According to court documents, the judge has ruled in favor of the SEC, and as a result, Hydrogen Technology Corp. will have to pay around $2.8 million as per the rulings. The lawsuit was filed by the regulator seven months ago, wherein it claimed that Hydrogen was involved in the price manipulation of cryptocurrencies, an activity in which entities influence the price of digital assets to make profit off them.
The $2.8 million includes around $1.5 million in disgorgement, i.e., the money gained from unlawful activities, along with $1 million in penalties for conducting illicit activities and harming investors. The SEC claims that Hydrogen used unlawful tactics to inflate the price of “Hydro” tokens and offered the sale of securities by registering them with the regulator.
A New York federal judge agreed to the settlement of the dispute between the SEC and Hydrogen Technology Corp., while the CEO of the latter, Kane, consented to end the legal dispute.
Moreover, in the lawsuit filed by the US regulator against the company and its CEO in September last year, the agency claimed that they paid a third party to manipulate the trade of the company’s Hydro token in order to artificially boost its price. The third party was Tyler Ostern, who also reached an agreement with the SEC to settle for a $41,000 fine.

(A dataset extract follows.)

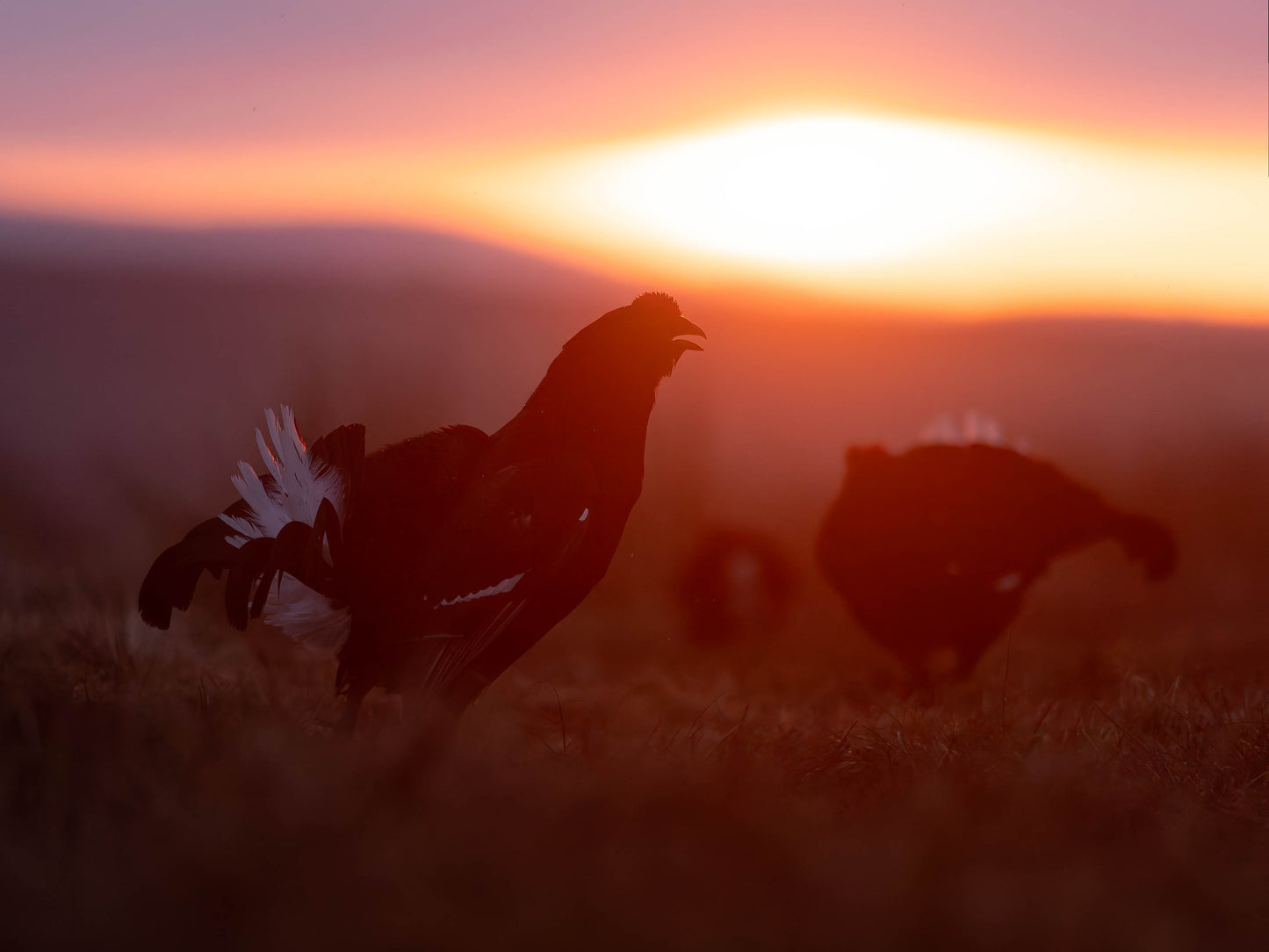 Black Grouse Lek 23rd of April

As a part of the settlement, Hydrogen or Kane will not be allowed to participate in the sale of securities or engage in similar activities without the approval of the SEC and passing the Howey Test, a test designed to confirm whether an asset is a security or a commodity. Meanwhile, Kane has been allowed to trade cryptocurrencies without any issues for his personal usage.

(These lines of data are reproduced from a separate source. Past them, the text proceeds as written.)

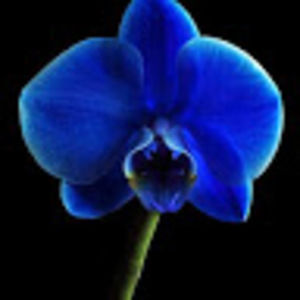 Meet your Posher, Ingrid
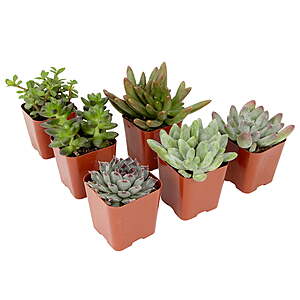 6-pk Element by Altman 2" Live Indoor House Succulent Plants w/ Grower Pots $10.20 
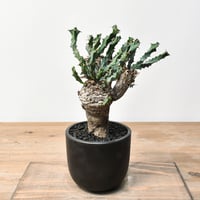 RAFLUMコレクション】コミフォラ グイドッティ 【現地球/発根済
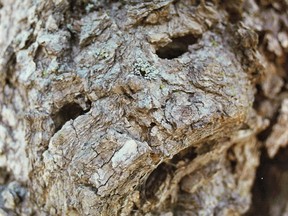 A face-like impression in a tree.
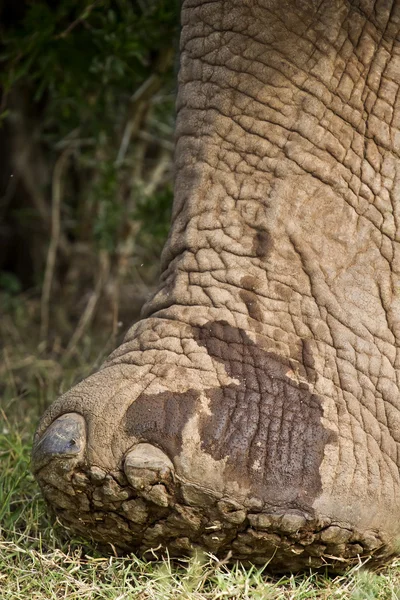 大きな象の足 — ストック写真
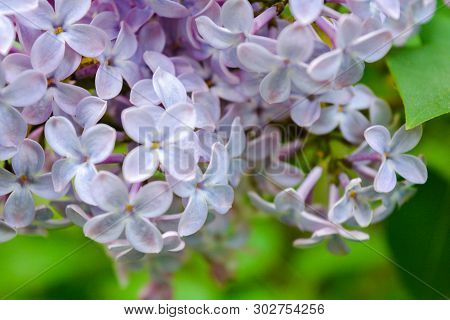 Lilac Flowers Blooming In Spring Garden. Common Lilac Syringa Vulgaris Bush. Close-up Of A Branch On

The corporation and its executives are bound by the settlement agreement to not refute or agree to the accusations that the SEC had levied against them in the lawsuit. The lawsuit added that Kane, who was also the person behind Hedgeable Inc.—an SEC registered investment adviser—needed fresh capital for his company and created Hydrogen as a result of the crypto bull market of 2017.
Following the bull market, the company minted more than 11 billion Hydro tokens, which were distributed as rewards to employees, retail investors, and those who promoted the project.
More SEC Lawsuits to Come?
John Reed Stark, former Chief of the US SEC’s Office of Internet Enforcement, recently stated that the regulator is planning more lawsuits against crypto companies in the near future to protect investors from manipulation and other similar activities.
“We’re in the midst of a regulatory onslaught against crypto,” says Stark, while adding:
“Every day, it seems like there’s a new lawsuit targeting the industry. The SEC is not going to stand idly by, especially when investors are at risk. Investors may not like the rules but, just like seatbelt laws, sometimes investors need protection from themselves.”
As reported earlier by BitcoinWisdom, the SEC sent a “Wells Notice” to the leading exchange in the US, Coinbase, regarding its staking services claiming that these are security offerings. On the other hand, Congressmen are not happy with crypto firms and capital leaving the US due to the enforcement tactics of the regulator under the leadership of Gary Gensler.
United States Representative Warren Davidson filed legislation in Congress to fire the Chairman of the US SEC. Davidson claims that the legislation aims to “correct a long series of abuses” against crypto investors and companies.